EXTRACTED MATERIAL -
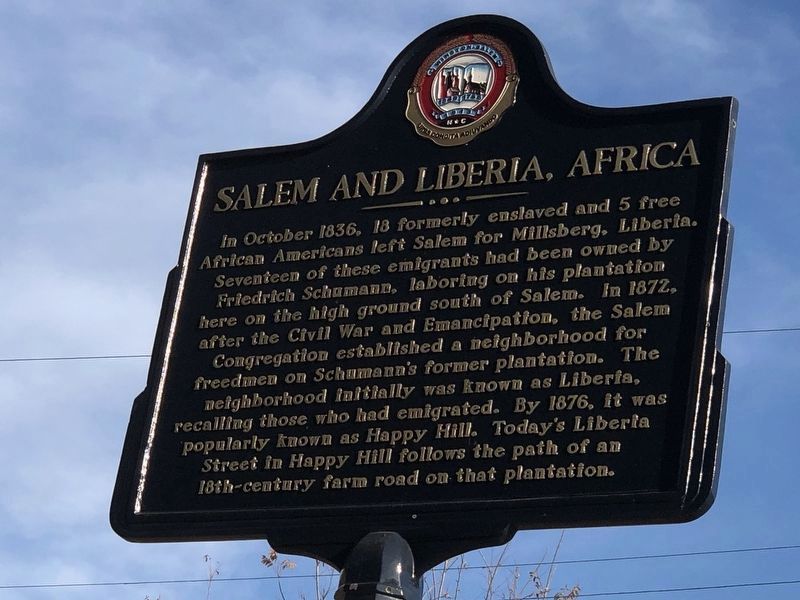 Salem and Liberia, Africa Marker. Click for more information. Salem and Liberia, Africa Marker image. Click for more information.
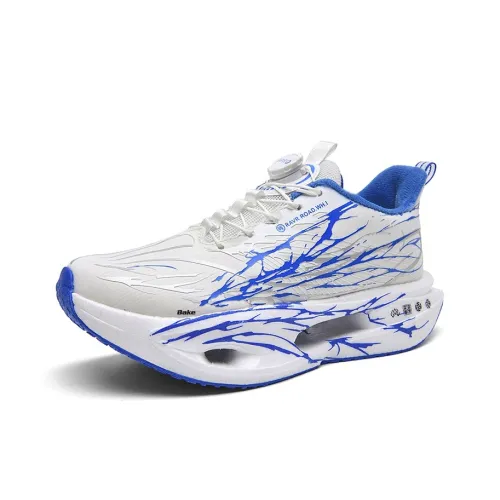 BAKE Беговые кроссовки Low Top Синий и Белый Унисекс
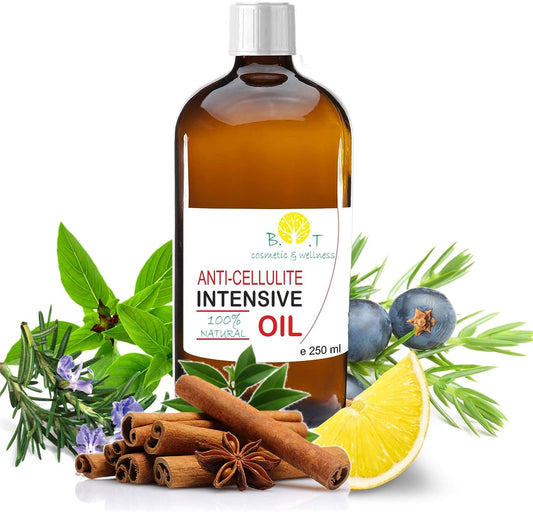 Weight Loss Fat Burner Anti Cellulite Oil 100% Natural with Pure Essential Oil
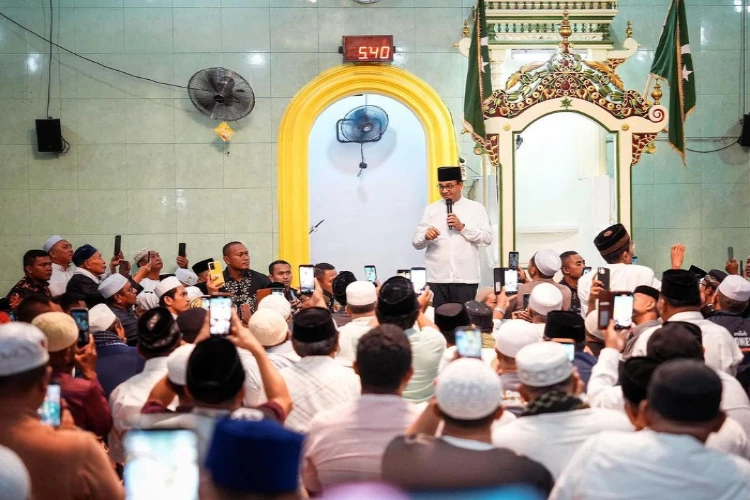 Ket. Foto: Anies Baswedan Menegaskan Jika Massa Pendukung yang Datang Bykan Massa Bayaran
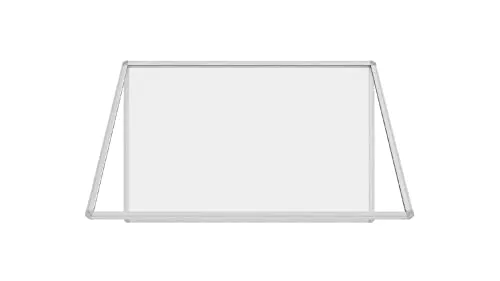 ALLboards Whiteboard Schaukasten 90x60 cm mit Alurahmen - Warenpräsentation: Robuster Schaukasten mit sicherem Verschluss und magnetischer, trocken abwischbarer Oberfläche für vielseitige Nutzung im Innenbereich.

WORK TO BE COMPLETED - Print each line of the listing, starting at its first and ending with the line that holds "Ket. Foto: Anies", but skip any pictures.

ANSWER TO THIS PROBLEM -
 Salem and Liberia, Africa Marker. Click for more information. Salem and Liberia, Africa Marker image. Click for more information.
 BAKE Беговые кроссовки Low Top Синий и Белый Унисекс
 Weight Loss Fat Burner Anti Cellulite Oil 100% Natural with Pure Essential Oil
 Ket. Foto: Anies Baswedan Menegaskan Jika Massa Pendukung yang Datang Bykan Massa Bayaran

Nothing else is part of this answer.